CPU vs GPU vs TPU
Contents
CPU vs GPU vs TPU#
Additional Reads:
According to John Henssey, father of modern computer, we are almost at an end of Moores’s law. End of exponential growth in CPU and he suggested domain specific software as the solution.

How does a CPU work?#
The CPU is a general purpose processor based on the von Neumann architecture. The greatest benefit of CPU is its flexibility. With its Von Neumann architecture, you can load any kind of software for millions of different applications. You could use a CPU for word processing in a PC, controlling rocket engines, executing bank transactions, or classifying images with a neural network.
But, because the CPU is so flexible, the hardware doesn’t always know what would be next calculation until it reads the next instruction from the software. A CPU has to store the calculation results on memory inside CPU (so called registers or L1 cache) for every single calculation. This memory access becomes the downside of CPU architecture called the von Neumann bottleneck. Even though the huge scale of neural network calculations means that these future steps are entirely predictable, each CPU’s Arithmetic Logic Units (ALU, the component that holds and controls multipliers and adders) executes them one by one, accessing the memory every time, limiting the total throughput and consuming significant energy.

von Neumann Architecture#
Since memory and the CPU are separated in this architecture, the performance of the system is often limited by the speed of accessing memory. Historically, the memory access speed is orders of magnitude slower than the actual processing speed, creating a bottleneck in the system performance.
Furthermore, the physical movement of data consumes a significant amount of energy due to interconnect parasitics. In given situations, it has been observed that the physical movement of data from memory can consume up to 500 times more energy than the actual processing of that data. This trend is only expected to worsen as chips scale.
How does a GPU work?#
To gain higher throughput than a CPU, a GPU uses a simple strategy: why not have thousands of ALUs in a processor? The modern GPU usually has 2,500–5,000 ALUs in a single processor that means you could execute thousands of multiplications and additions simultaneously.
This GPU architecture works well on applications with massive parallelism, such as matrix multiplication in a neural network. Actually, you would see order of magnitude higher throughput than CPU on typical training workload for deep learning. This is why the GPU is the most popular processor architecture used in deep learning at time of writing.
But, the GPU is still a general purpose processor that has to support millions of different applications and software. This leads back to our fundamental problem, the von Neumann bottleneck. For every single calculation in the thousands of ALUs, GPU need to access registers or shared memory to read and store the intermediate calculation results. Because the GPU performs more parallel calculations on its thousands of ALUs, it also spends proportionally more energy accessing memory and also increases footprint of GPU for complex wiring.
How does a TPU work?#
When Google designed the TPU, we built a domain-specific architecture. That means, instead of designing a general purpose processor, we designed it as a matrix processor specialized for neural network work loads. TPUs can’t run word processors, control rocket engines, or execute bank transactions, but they can handle the massive multiplications and additions for neural networks, at blazingly fast speeds while consuming much less power and inside a smaller physical footprint.
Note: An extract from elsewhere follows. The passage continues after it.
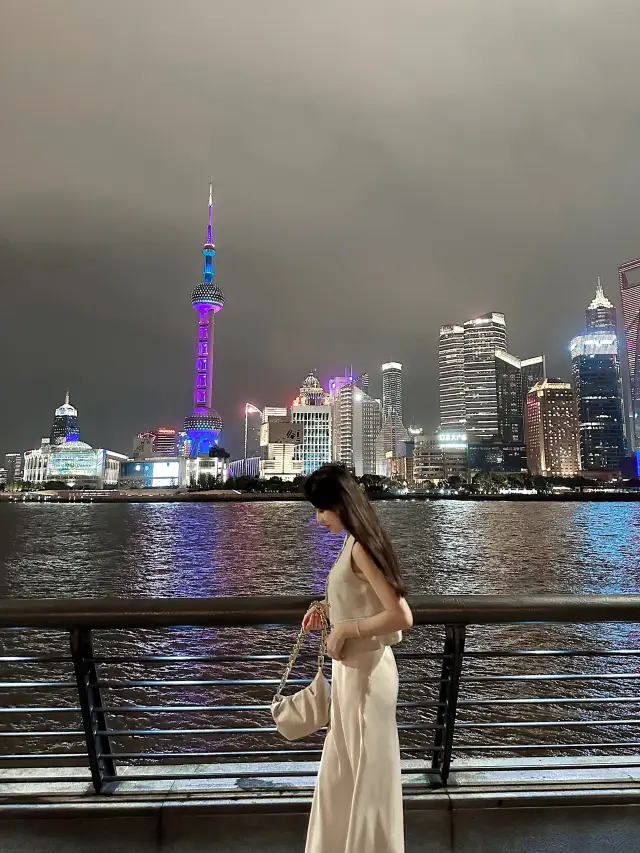 📍Shang hai 上海夜景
The key enabler is a major reduction of the von Neumann bottleneck. Because the primary task for this processor is matrix processing, hardware designer of the TPU knew every calculation step to perform that operation. So they were able to place thousands of multipliers and adders and connect them to each other directly to form a large physical matrix of those operators. This is called systolic array architecture. In case of Cloud TPU v2, there are two systolic arrays of 128 x 128, aggregating 32,768 ALUs for 16 bit floating point values in a single processor.
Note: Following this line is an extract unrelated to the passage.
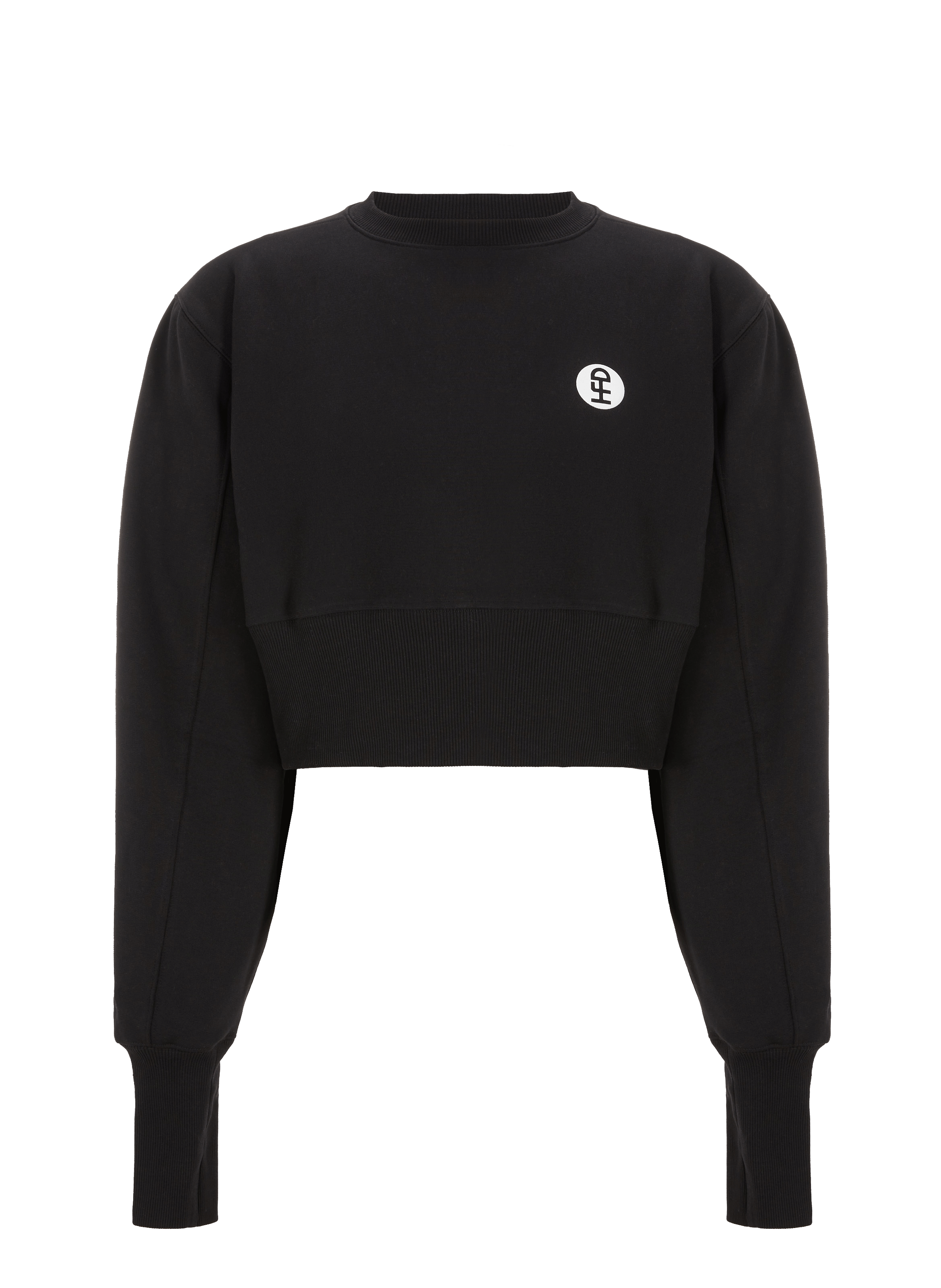 Sweat-shirt en coton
Let’s see how a systolic array executes the neural network calculations. At first, TPU loads the parameters from memory into the matrix of multipliers and adders.
Then, the TPU loads data from memory. As each multiplication is executed, the result will be passed to next multipliers while taking summation at the same time. So the output will be the summation of all multiplication result between data and parameters. During the whole process of massive calculations and data passing, no memory access is required at all.
This is why the TPU can achieve a high computational throughput on neural network calculations with much less power consumption and smaller footprint.